Exercise details -> Scan the records below for the word "Midi" and give only the number of lines that hold it.

Data items ->
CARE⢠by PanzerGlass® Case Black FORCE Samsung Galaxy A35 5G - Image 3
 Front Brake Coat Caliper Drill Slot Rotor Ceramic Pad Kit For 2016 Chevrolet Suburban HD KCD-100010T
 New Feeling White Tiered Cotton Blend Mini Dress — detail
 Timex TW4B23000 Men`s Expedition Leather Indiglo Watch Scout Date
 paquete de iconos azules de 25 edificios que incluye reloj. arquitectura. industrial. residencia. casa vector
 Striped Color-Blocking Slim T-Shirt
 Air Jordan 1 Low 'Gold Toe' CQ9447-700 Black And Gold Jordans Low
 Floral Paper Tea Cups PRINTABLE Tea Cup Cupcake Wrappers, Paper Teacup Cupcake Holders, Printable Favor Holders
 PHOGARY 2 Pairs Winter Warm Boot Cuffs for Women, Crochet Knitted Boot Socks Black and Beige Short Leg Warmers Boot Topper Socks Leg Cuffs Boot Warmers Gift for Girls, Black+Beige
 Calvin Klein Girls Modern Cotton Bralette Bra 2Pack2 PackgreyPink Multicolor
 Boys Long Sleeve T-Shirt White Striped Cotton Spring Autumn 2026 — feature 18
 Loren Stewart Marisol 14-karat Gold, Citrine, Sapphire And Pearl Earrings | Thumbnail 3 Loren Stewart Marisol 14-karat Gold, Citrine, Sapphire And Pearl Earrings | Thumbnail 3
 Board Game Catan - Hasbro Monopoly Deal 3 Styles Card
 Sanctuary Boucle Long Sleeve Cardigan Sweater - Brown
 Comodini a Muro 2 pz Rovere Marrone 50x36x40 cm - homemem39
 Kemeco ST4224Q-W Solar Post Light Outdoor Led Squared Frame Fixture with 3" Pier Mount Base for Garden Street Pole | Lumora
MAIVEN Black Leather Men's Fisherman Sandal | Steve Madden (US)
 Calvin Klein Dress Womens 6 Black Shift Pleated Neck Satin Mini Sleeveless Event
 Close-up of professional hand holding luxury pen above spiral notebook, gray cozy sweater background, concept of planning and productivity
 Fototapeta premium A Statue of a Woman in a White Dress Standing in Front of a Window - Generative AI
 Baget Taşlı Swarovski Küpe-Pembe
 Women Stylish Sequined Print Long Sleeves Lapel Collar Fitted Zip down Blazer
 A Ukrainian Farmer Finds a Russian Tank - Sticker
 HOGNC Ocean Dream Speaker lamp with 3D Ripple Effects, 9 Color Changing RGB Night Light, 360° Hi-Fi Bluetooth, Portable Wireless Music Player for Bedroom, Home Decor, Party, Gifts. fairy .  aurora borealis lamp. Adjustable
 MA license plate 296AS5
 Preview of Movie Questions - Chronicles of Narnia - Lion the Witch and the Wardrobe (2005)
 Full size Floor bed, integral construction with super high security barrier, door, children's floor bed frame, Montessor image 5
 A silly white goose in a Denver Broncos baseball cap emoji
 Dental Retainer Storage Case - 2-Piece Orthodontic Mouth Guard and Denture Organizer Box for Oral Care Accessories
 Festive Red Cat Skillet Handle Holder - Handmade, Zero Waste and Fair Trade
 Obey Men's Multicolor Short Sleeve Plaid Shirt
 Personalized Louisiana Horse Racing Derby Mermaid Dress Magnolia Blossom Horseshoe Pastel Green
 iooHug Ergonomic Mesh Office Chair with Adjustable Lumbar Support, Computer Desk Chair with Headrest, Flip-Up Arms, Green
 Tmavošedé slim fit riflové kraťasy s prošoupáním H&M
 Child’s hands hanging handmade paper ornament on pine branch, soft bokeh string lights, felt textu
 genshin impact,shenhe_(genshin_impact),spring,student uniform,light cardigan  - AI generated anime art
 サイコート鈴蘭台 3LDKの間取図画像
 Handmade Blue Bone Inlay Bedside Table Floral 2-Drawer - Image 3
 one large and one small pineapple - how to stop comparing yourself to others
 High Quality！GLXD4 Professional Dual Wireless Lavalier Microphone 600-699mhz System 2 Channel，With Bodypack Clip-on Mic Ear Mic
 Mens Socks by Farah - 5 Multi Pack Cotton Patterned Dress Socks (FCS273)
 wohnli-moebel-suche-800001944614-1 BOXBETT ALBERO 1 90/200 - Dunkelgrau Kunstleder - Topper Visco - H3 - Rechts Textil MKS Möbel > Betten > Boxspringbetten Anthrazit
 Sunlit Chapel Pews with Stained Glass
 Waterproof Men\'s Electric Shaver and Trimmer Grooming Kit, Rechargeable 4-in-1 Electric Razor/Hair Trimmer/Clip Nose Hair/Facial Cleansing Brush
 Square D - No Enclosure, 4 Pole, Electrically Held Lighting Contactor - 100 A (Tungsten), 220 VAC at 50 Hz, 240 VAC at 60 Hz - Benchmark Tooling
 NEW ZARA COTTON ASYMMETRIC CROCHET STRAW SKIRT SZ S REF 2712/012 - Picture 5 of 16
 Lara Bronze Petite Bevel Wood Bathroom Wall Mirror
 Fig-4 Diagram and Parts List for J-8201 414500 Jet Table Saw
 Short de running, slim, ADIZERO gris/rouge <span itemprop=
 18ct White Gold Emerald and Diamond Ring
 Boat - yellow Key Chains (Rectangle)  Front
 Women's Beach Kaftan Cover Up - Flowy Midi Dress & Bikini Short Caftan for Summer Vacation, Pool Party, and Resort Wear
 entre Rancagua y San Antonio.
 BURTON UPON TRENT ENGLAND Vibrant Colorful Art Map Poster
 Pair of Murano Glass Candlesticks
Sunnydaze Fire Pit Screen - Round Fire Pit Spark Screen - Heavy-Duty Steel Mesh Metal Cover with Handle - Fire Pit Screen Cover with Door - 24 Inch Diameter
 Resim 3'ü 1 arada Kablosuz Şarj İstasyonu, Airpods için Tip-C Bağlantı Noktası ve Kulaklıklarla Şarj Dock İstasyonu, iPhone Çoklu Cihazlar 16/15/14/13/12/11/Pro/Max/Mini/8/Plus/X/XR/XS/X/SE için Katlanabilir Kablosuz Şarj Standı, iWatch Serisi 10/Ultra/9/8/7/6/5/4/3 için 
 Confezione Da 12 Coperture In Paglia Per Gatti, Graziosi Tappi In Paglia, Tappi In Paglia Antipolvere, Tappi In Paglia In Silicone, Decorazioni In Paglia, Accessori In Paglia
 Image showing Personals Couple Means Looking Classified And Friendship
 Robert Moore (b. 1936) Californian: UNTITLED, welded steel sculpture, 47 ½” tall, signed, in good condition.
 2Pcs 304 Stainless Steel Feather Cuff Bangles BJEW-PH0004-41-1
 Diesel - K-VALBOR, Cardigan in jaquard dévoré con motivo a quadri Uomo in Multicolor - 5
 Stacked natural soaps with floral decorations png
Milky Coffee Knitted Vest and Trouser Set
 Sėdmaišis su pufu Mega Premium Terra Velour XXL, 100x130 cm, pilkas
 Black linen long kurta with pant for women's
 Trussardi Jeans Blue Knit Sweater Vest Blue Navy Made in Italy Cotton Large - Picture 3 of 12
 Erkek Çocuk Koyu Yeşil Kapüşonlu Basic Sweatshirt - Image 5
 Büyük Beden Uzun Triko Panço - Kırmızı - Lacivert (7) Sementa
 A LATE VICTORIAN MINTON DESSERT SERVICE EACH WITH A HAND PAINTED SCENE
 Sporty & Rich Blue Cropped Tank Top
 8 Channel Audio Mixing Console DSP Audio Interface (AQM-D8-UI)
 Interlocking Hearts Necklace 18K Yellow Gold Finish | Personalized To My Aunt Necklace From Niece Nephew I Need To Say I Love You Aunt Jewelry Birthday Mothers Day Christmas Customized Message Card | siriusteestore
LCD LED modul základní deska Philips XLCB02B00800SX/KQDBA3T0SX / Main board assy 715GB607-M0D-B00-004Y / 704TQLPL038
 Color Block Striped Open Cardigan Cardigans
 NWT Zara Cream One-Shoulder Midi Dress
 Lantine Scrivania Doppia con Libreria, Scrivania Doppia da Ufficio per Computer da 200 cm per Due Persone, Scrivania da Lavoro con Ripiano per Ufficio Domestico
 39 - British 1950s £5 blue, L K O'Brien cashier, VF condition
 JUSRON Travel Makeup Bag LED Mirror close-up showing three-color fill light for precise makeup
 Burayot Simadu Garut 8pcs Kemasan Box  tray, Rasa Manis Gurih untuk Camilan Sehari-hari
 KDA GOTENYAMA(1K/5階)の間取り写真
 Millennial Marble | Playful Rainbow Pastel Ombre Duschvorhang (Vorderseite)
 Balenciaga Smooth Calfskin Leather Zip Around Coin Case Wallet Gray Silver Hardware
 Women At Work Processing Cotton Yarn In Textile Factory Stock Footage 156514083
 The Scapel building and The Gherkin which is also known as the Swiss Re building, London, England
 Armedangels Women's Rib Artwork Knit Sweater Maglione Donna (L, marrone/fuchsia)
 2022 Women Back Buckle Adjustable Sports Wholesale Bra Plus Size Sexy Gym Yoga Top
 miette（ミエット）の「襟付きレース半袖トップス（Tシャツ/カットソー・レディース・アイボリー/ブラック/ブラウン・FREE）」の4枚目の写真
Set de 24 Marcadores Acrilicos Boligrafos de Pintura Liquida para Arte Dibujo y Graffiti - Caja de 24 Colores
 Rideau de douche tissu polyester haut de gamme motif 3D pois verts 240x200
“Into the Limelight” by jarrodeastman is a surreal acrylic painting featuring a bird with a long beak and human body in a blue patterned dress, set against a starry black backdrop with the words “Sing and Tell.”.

Output -> 2